Amendment 66, in the name of the noble Lord, Lord Wigley, looks to be superfluous, as I assume that the Minister will tell us that there is absolutely nothing to prevent a framework for agricultural co-operation between England, Wales, Scotland and Northern Ireland by the free will of their respective Governments. The issue, then, is not whether a legal power is needed—I assume that no legal power is needed—but what machinery the Government envisage will be needed to promote co-operation between England, Wales, Scotland and Northern Ireland on agriculture and the environment; I am not aware that any such machinery is in place at the moment. I think that the Committee would be grateful if the Minister could address that point. It is about not just ongoing talks but what institutional machinery there will be to promote co-operation.

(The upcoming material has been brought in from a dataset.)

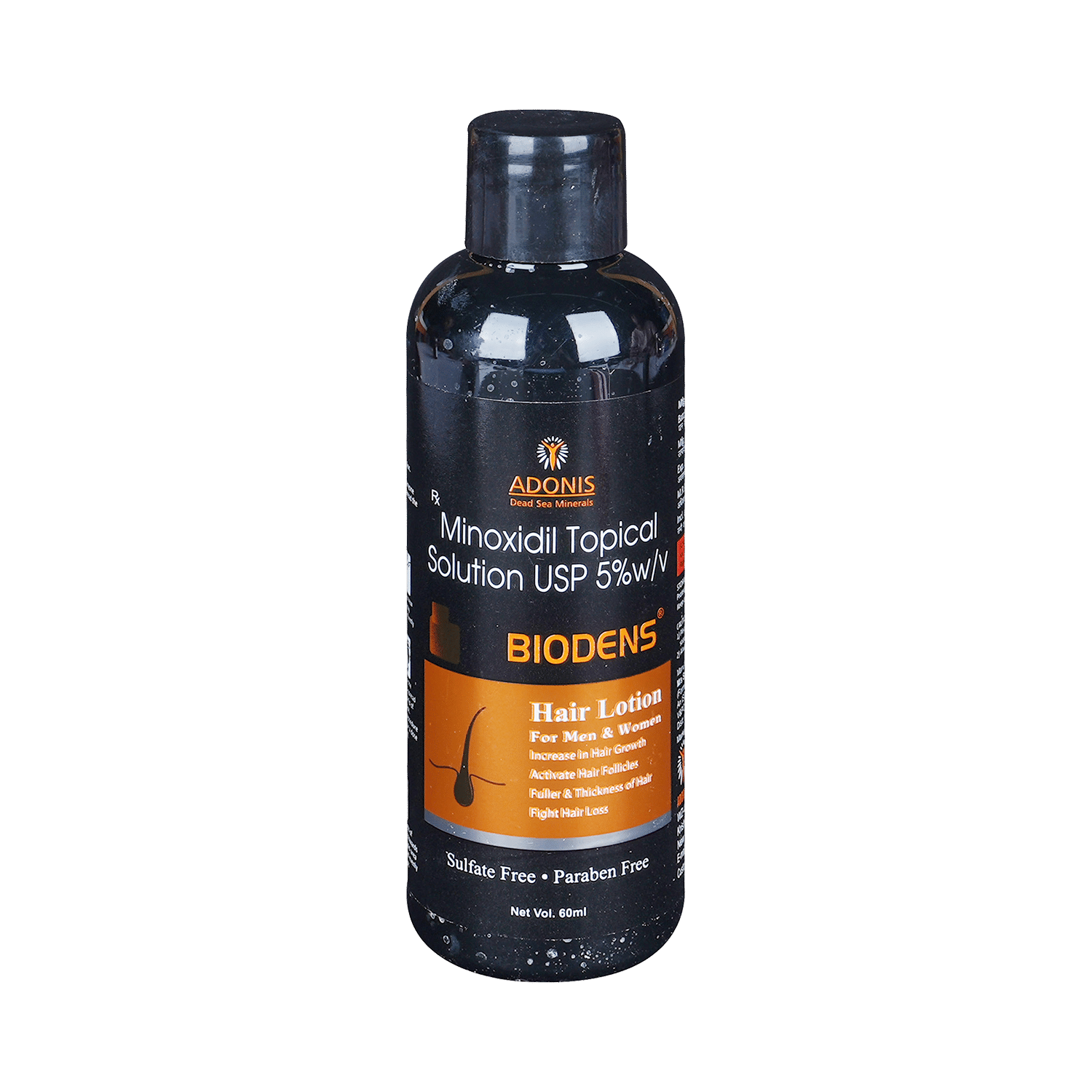 Biodens Hair Lotion - Image 5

The noble Lord, Lord Empey, has just raised a very important point. In respect of co-operating with Northern Ireland, that means co-operating with the EU. As so often in our debates, I am afraid that everything comes back to Brexit.

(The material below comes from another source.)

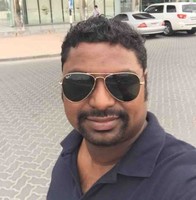 Babu Thomas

This relates also a very important amendment in this very large group which has barely been discussed, because there are so many other issues. Amendment 234, in the name of the noble Baroness, Lady Bennett, proposes that:

“The Secretary of State must establish a service to provide a means for farmers to associate, and to support, advise and assist them to deliver improvements in food security, nutrition and environmental standards.”

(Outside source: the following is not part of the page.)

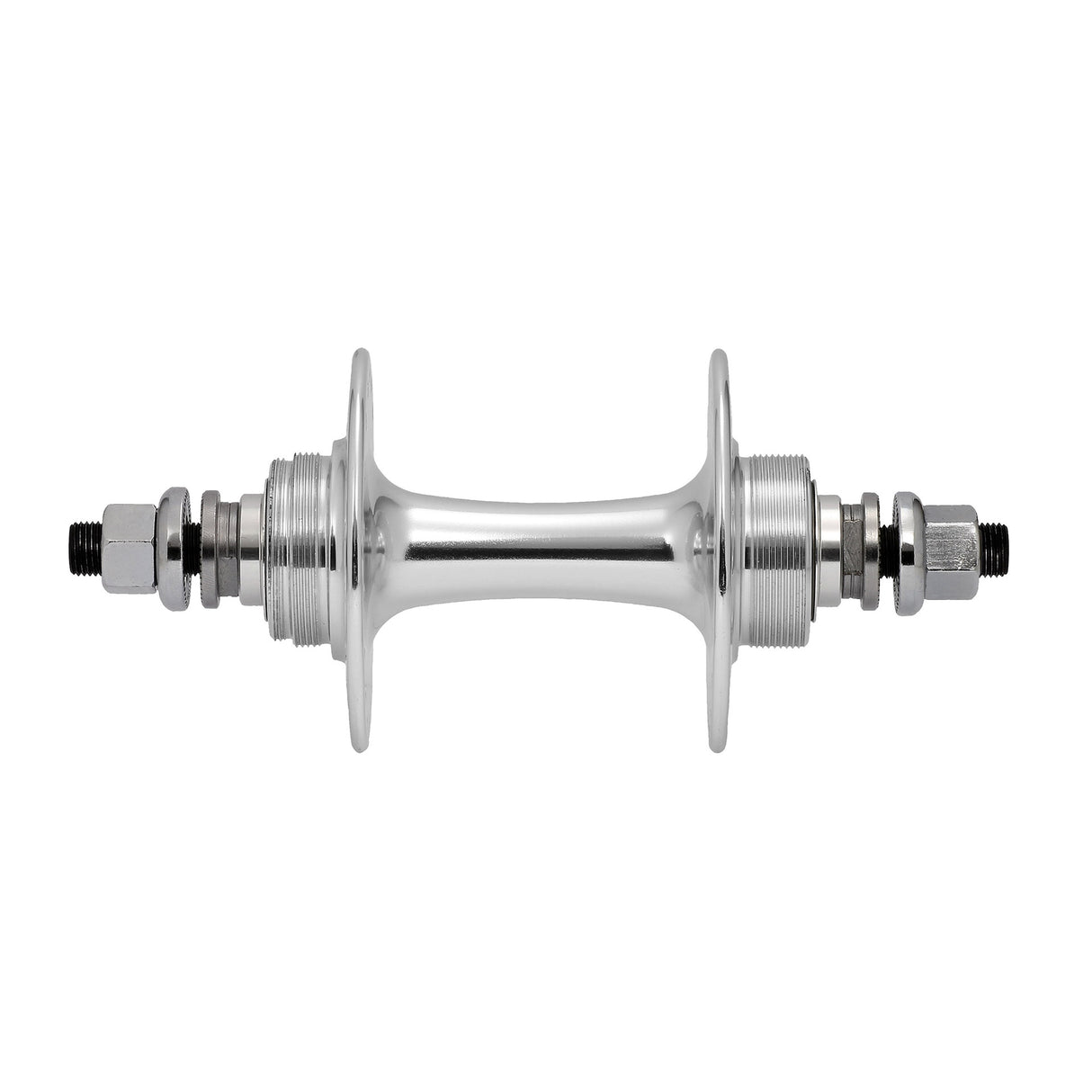 Sturmeyarcher sa hbt30 Hinterradnabe kpl. 32gts fester Freewh Spacer Silber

In respect of agriculture and the environment, this strikes me as a very similar role to that which NICE—the National Institute for Health and Care Excellence—plays in respect of the NHS, as an independent body promoting best practice on the basis of thorough research and engagement. Most people who have experience of the NICE arrangements in the NHS think that they work well, have by and large promoted good practice, and to some extent have helped to depoliticise what would otherwise be very thorny issues.

Amendment 234, and the body that the noble Baroness, Lady Bennett, envisages, looks to me to be a very good move, and I hope that the Minister will be able to indicate a willingness to consider it. It may be that we could work this up into a proposal between now and Report. I cannot think of any good argument against it, including from the Government’s perspective, because it is in the interests of the Government that a body of impartial evidence and the promotion of best practice are encouraged.

This comes back to the issue raised by the noble Lord, Lord Wigley, in Amendment 66. I am a supporter of devolution, and it is to my great regret that, in the past 20 years, Scotland and Wales have tended, as a matter of reflex, to define themselves against what England does. I think that sometimes they are right to do so and sometimes they are wrong to do so. To my huge regret, often what happens in Scotland and Wales is not a decision about whether or not policies are better than those in England, but just wanting to be different from England.

There is a real danger for the management of environment and agricultural support that Scotland, Wales and to a lesser extent Northern Ireland—Northern Ireland is effectively still part of the EU—will seek to define themselves against England for the sake of doing so. That would be hugely regrettable. Therefore, machinery to promote co-operation is important. An impartial best-practice body of the kind envisaged in Amendment 234 could act as a means to promote co-operation between the constituent parts of the UK. It would not be the Government in London seeking to promote in any partisan way their own policies and the interests of England; rather, if this works well, it would be serious experts and a serious process of promoting consensus that could, if that is done, even though it starts off being in respect of only England, have an impact on promoting co-operation between Scotland and Wales. It could also interact with the European Union, which would be good in its own right, but also enormously beneficial for relations with Northern Ireland.

Lord Chidgey Portrait Lord Chidgey (LD) [V]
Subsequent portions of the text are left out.